Quello che si è voluto indagare sono state le specifiche esperienze di pianto dei pazienti in terapia e la loro relazione con la fine della terapia, la relazione terapeutica e gli stili di attaccamento.

I risultati dello studio dimostrano che l'associazione degli eventi di pianto del paziente in terapia con l'esito e la relazione terapeutica non riguarda necessariamente la quantità (cioè il numero di episodi di pianto) ma piuttosto la qualità di quell'esperienza (cioè il modo in cui questi episodi di pianto sono vissuti o elaborati sia emotivamente che cognitivamente con il terapeuta). Questi risultati rimangono significativi anche quando si controlla l’alleanza terapeutica o la sicurezza dell’attaccamento.

I dati rafforzano anche le prove accumulate sull’importanza di rispondere agli eventi di pianto con compassione e sostegno, nonché di utilizzare un episodio di pianto come preziosa fonte di informazioni sulla relazione terapeutica. Il modo in cui l'esperienza del pianto viene percepita o interiorizzata dal paziente è fortemente legato alla relazione terapeutica. I pazienti vedono il pianto come benefico per il progresso terapeutico e l’alleanza di lavoro, in particolare quando percepiscono le risposte del terapeuta come di supporto. Associano il pianto al cambiamento se, ad esempio, sentono di essere in grado di esprimere attraverso il pianto qualcosa che non riescono a esprimere a parole o quando in seguito avvertono una migliore comprensione da parte del terapeuta. Le esperienze variano a seconda dello stile di attaccamento. Gli eventi di pianto hanno quindi il potenziale per approfondire la relazione terapeutica, riflettere il legame esistente nel trattamento, o entrambi.

E i terapeuti? Di fronte a un paziente che piange, dovrebbero rallentare, esplorare l’esperienza del pianto in modo più completo ed evitare di superare troppo rapidamente le lacrime. Dovrebbero aiutarli a esprimere ed esplorare i sentimenti che stanno dietro e il motivo di queste lacrime, così come le potenziali nuove informazioni che le conversazioni sull’evento del pianto possono rivelare. Dopo aver esplorato il pianto, i terapeuti dovrebbero elaborare com'è stato per il paziente condividere queste lacrime con lui in quel momento e la sua esperienza nel farlo nello spazio terapeutico.

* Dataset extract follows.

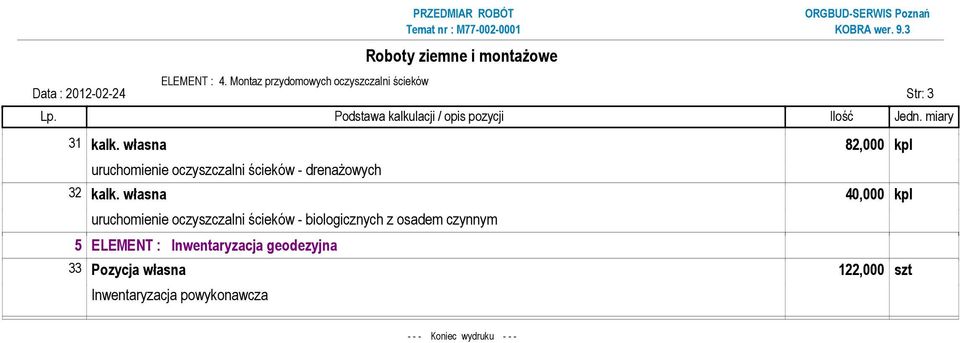 własna 40,000 kpl uruchomienie oczyszczalni ścieków - biologicznych z osadem czynnym 5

Utile è anche rivisitare gli episodi di pianto nella sessione successiva (ad esempio, "Mi chiedo se hai avuto altri pensieri sulle tue lacrime dall'ultima volta?"). È anche importante riconoscere il ruolo unico che il pianto in terapia può svolgere per i pazienti con attaccamento insicuro, dato che l’esperienza può essere sia stimolante che straordinariamente gratificante.

In sintesi, il pianto fornisce una finestra di opportunità sia per il paziente sia per il terapeuta. Da una parte, per il paziente, può avere un impatto positivo sull’umore portando alla risoluzione o alla riduzione di tensioni e sentimenti negativi o alla consapevolezza di questi. Per i terapeuti forniscono l’opportunità di approfondire l’alleanza di lavoro e promuovere il miglioramento della terapia.